Pictures do not belong in the copy; retype the records below exactly.

= Beginning of Section =

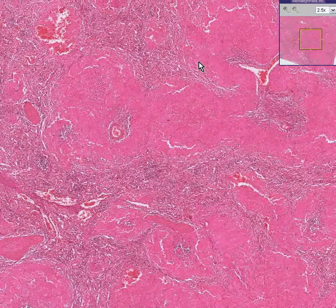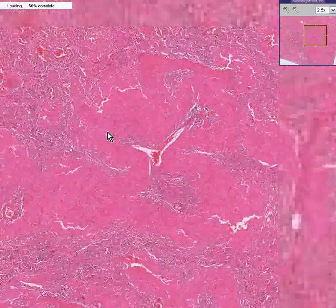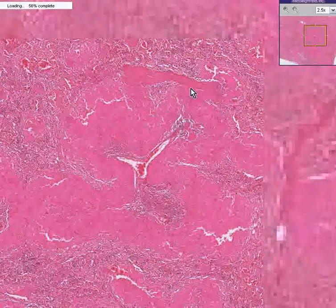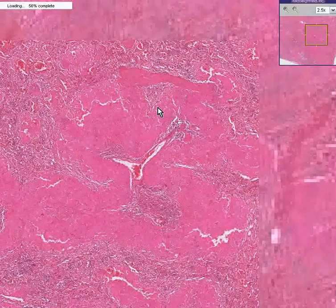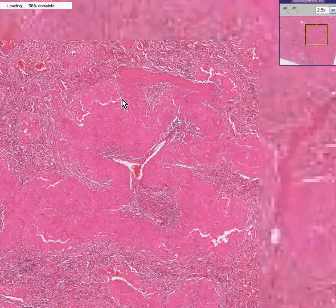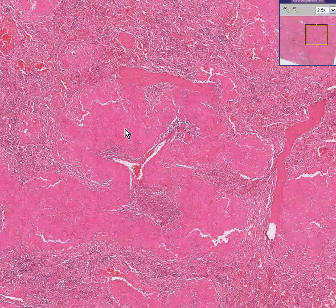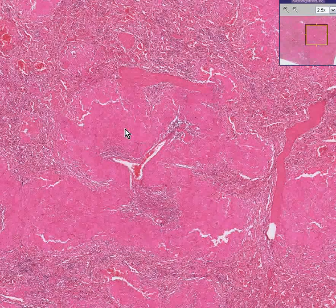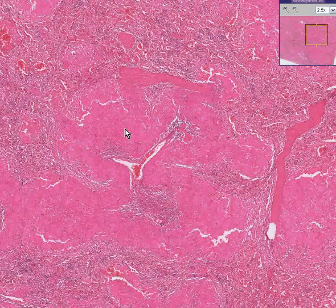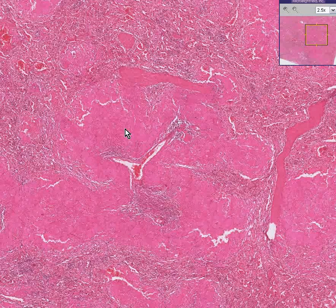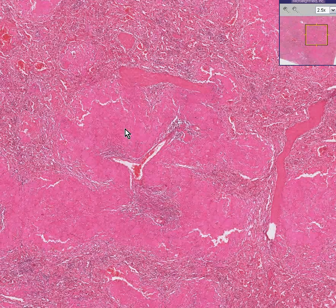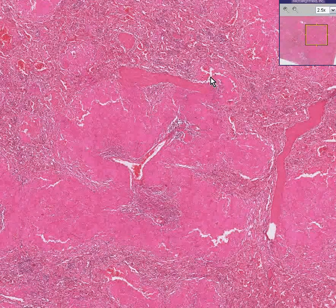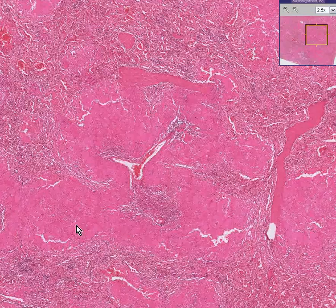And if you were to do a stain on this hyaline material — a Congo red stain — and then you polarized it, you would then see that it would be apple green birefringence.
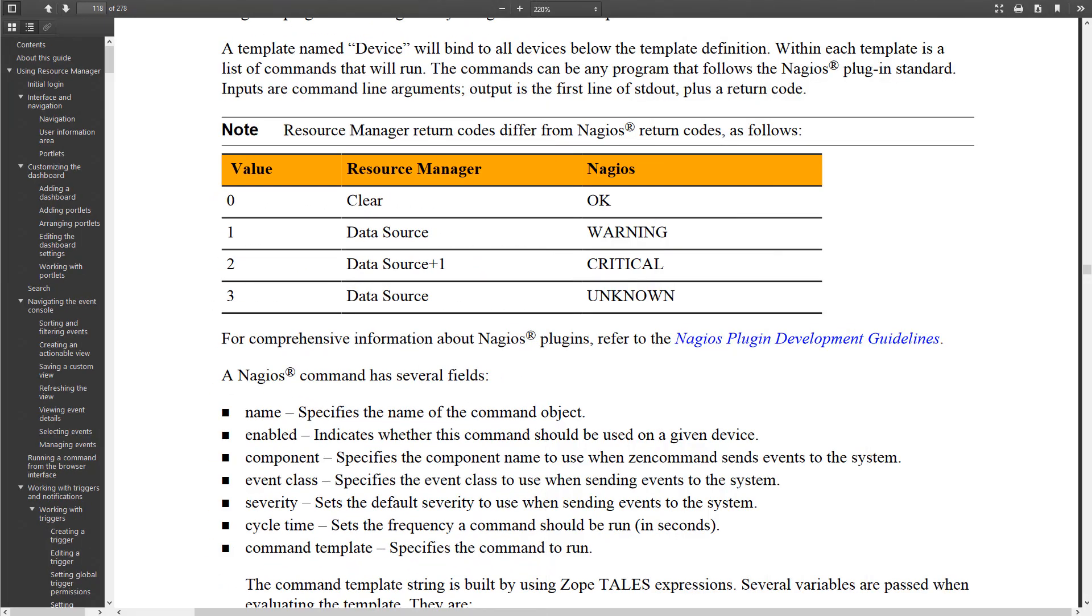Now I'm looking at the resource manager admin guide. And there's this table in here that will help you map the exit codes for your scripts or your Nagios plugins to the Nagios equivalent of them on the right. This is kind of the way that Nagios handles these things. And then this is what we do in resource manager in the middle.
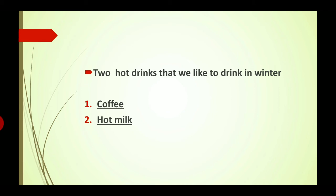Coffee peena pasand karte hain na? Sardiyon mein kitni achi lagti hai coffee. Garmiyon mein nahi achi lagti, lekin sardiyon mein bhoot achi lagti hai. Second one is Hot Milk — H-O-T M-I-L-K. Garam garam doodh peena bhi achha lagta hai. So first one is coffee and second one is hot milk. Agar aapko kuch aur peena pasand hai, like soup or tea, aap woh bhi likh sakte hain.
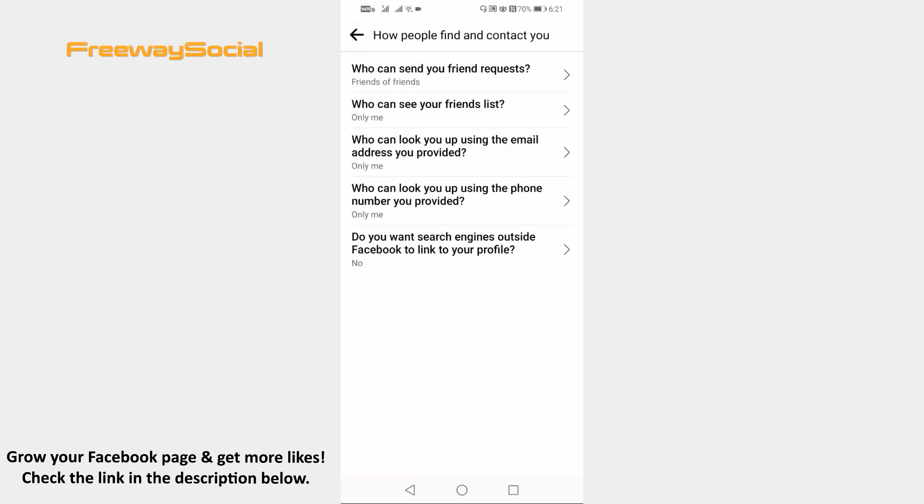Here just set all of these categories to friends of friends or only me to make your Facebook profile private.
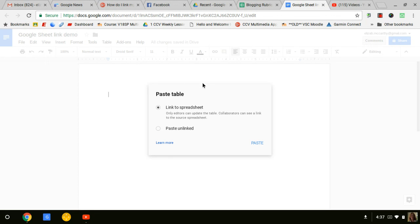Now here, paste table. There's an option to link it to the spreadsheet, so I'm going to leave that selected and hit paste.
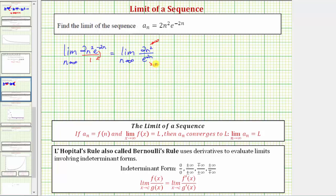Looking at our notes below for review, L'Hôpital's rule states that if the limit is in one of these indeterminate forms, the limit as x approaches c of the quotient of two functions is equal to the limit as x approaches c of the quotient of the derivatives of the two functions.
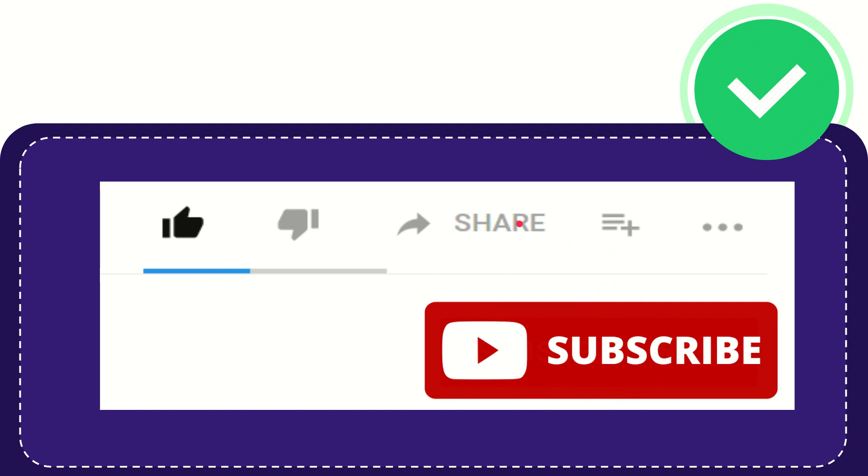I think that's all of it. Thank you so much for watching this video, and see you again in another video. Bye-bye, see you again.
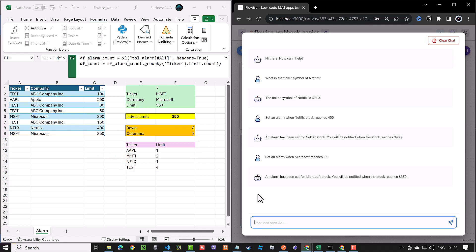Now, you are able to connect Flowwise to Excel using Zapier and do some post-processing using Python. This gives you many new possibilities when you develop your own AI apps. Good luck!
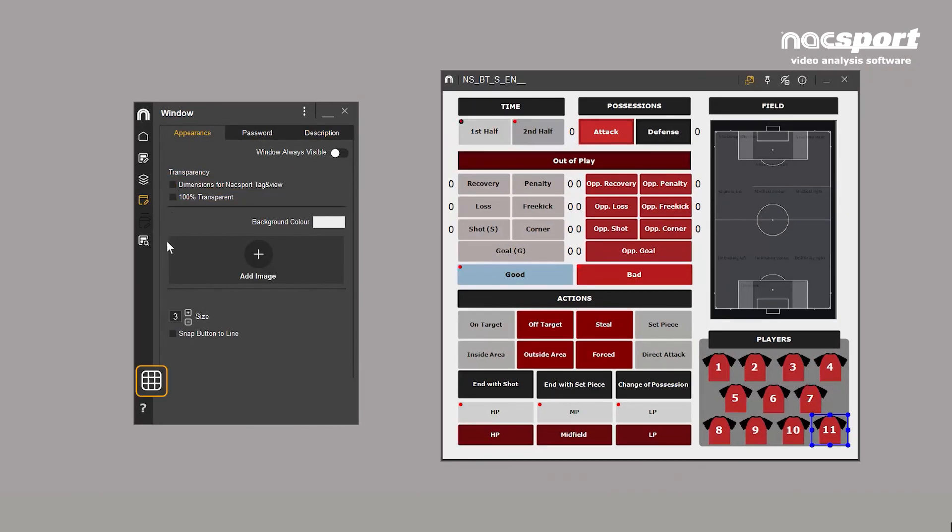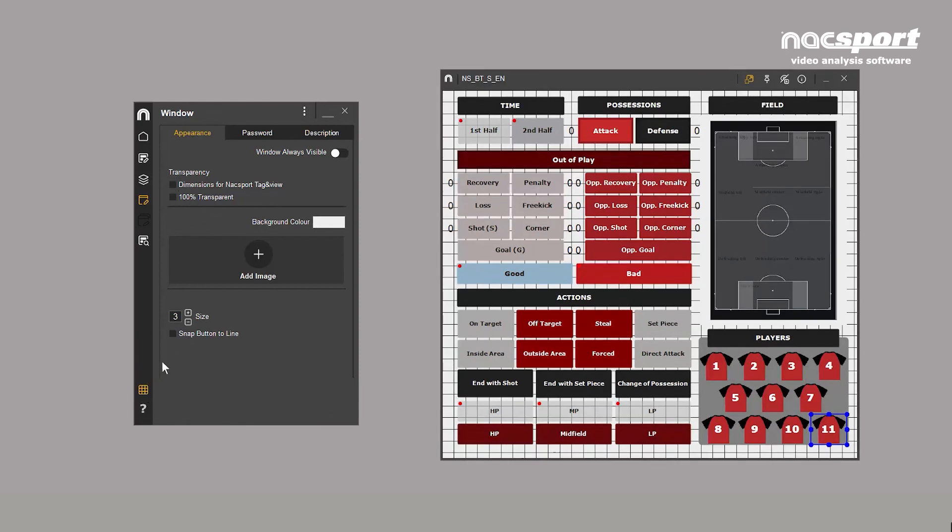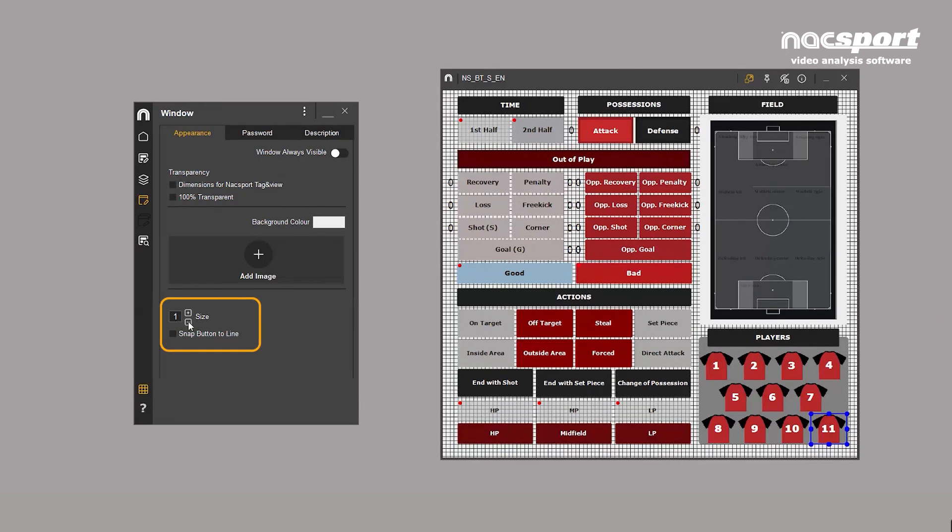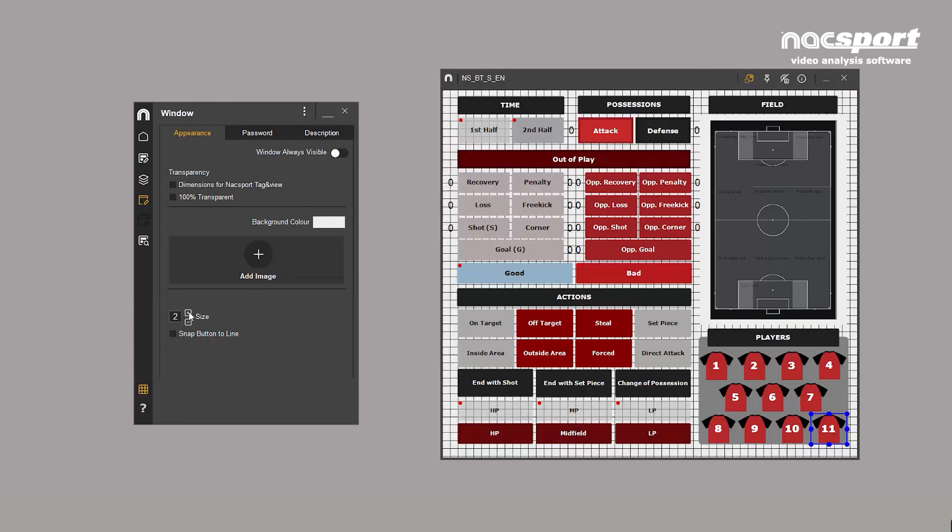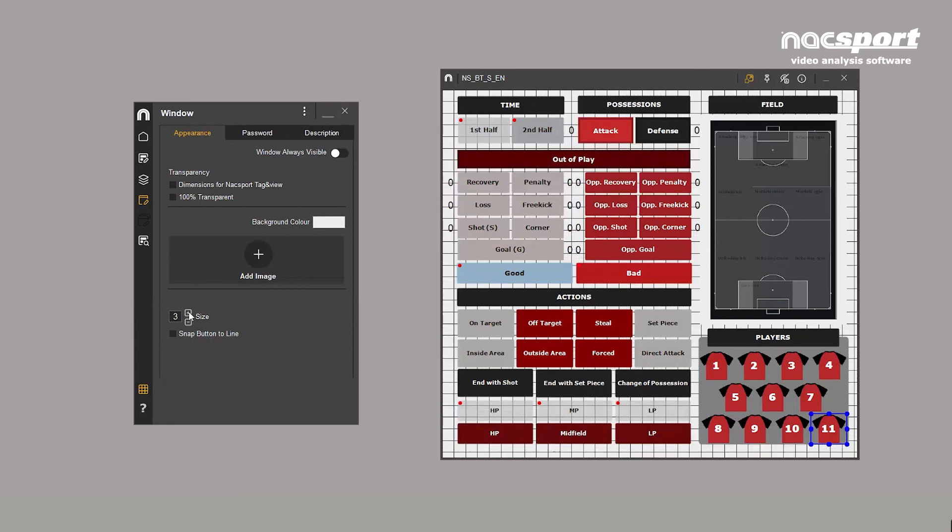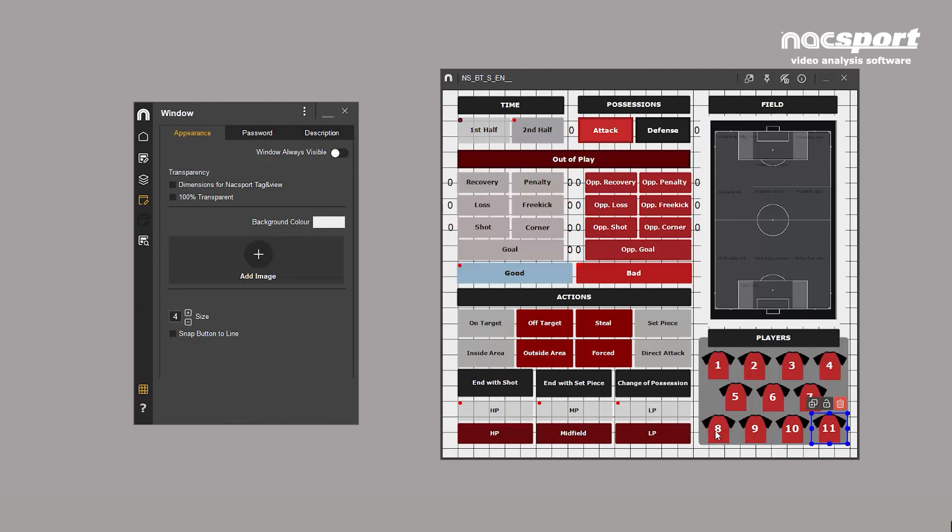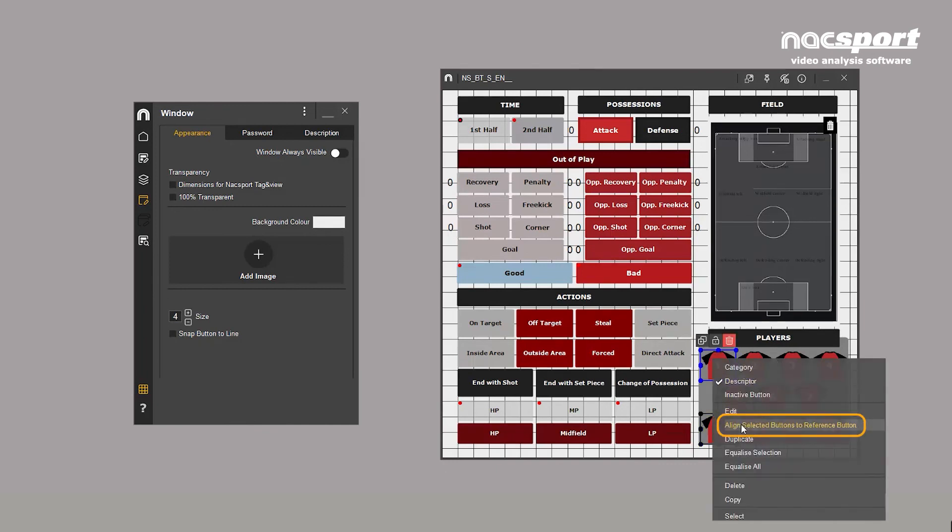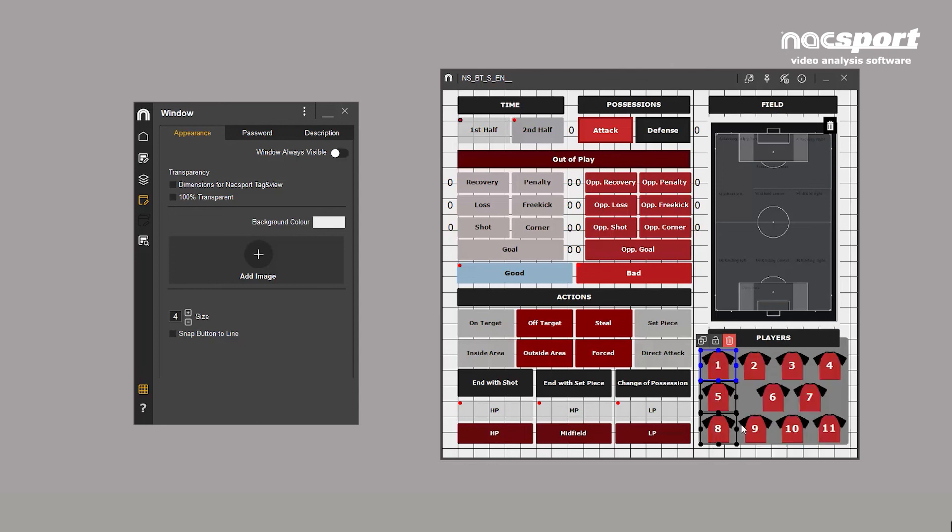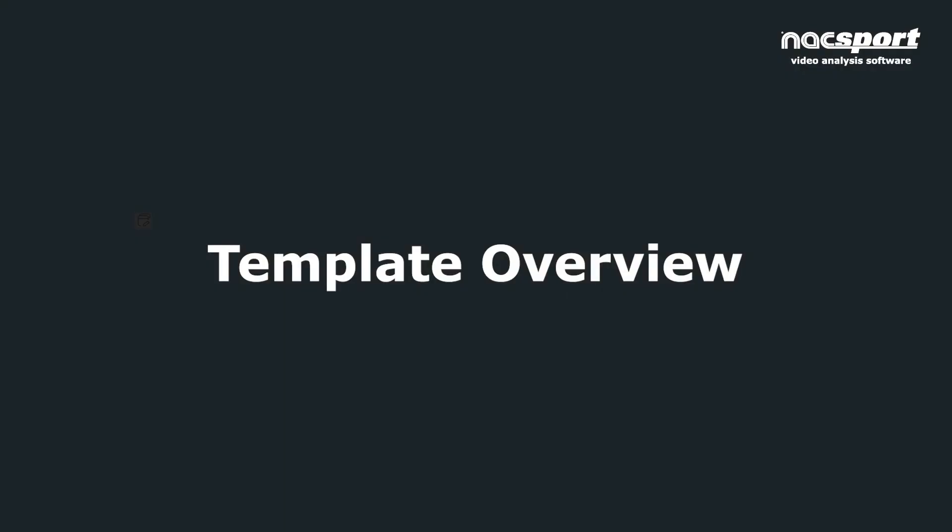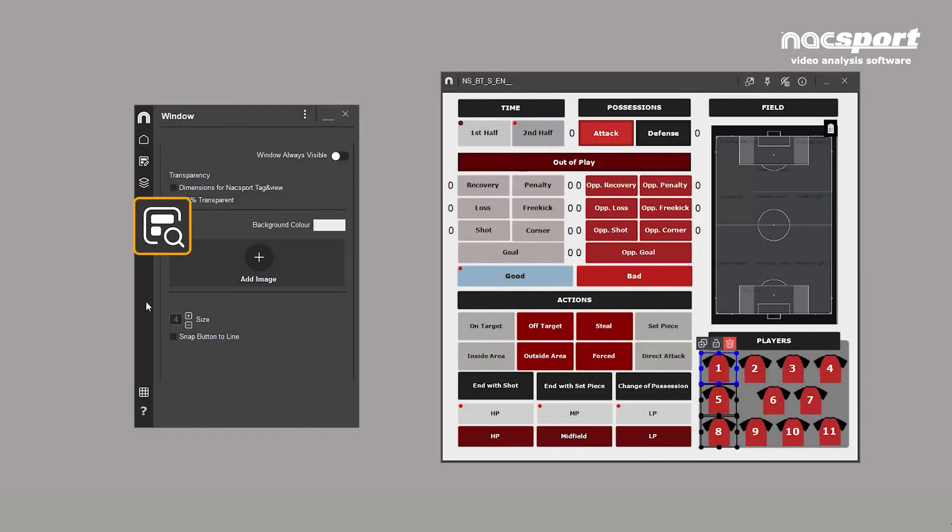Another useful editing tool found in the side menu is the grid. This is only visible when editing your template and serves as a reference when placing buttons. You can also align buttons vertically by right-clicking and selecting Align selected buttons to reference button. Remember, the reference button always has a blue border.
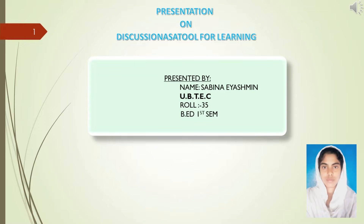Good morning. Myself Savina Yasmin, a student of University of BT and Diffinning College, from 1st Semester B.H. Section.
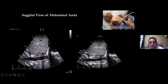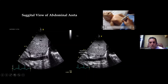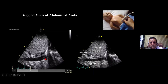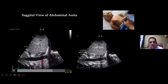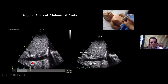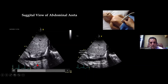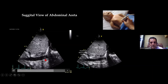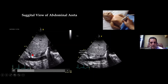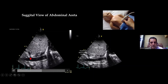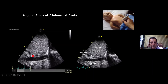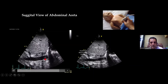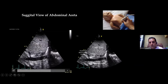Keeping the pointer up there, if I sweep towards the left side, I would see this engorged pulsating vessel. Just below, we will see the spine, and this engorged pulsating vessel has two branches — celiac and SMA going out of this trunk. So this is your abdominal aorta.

= End of Section =

• PROBLEM SOLUTION:
And if you were to do a stain on this hyaline material — a Congo red stain — and then you polarized it, you would then see that it would be apple green birefringence.
Now I'm looking at the resource manager admin guide. And there's this table in here that will help you map the exit codes for your scripts or your Nagios plugins to the Nagios equivalent of them on the right. This is kind of the way that Nagios handles these things. And then this is what we do in resource manager in the middle.
Coffee peena pasand karte hain na? Sardiyon mein kitni achi lagti hai coffee. Garmiyon mein nahi achi lagti, lekin sardiyon mein bhoot achi lagti hai. Second one is Hot Milk — H-O-T M-I-L-K. Garam garam doodh peena bhi achha lagta hai. So first one is coffee and second one is hot milk. Agar aapko kuch aur peena pasand hai, like soup or tea, aap woh bhi likh sakte hain.
Here just set all of these categories to friends of friends or only me to make your Facebook profile private.
Now here, paste table. There's an option to link it to the spreadsheet, so I'm going to leave that selected and hit paste.
Looking at our notes below for review, L'Hôpital's rule states that if the limit is in one of these indeterminate forms, the limit as x approaches c of the quotient of two functions is equal to the limit as x approaches c of the quotient of the derivatives of the two functions.
I think that's all of it. Thank you so much for watching this video, and see you again in another video. Bye-bye, see you again.
Now, you are able to connect Flowwise to Excel using Zapier and do some post-processing using Python. This gives you many new possibilities when you develop your own AI apps. Good luck!
Another useful editing tool found in the side menu is the grid. This is only visible when editing your template and serves as a reference when placing buttons. You can also align buttons vertically by right-clicking and selecting Align selected buttons to reference button. Remember, the reference button always has a blue border.
Good morning. Myself Savina Yasmin, a student of University of BT and Diffinning College, from 1st Semester B.H. Section.
Keeping the pointer up there, if I sweep towards the left side, I would see this engorged pulsating vessel. Just below, we will see the spine, and this engorged pulsating vessel has two branches — celiac and SMA going out of this trunk. So this is your abdominal aorta.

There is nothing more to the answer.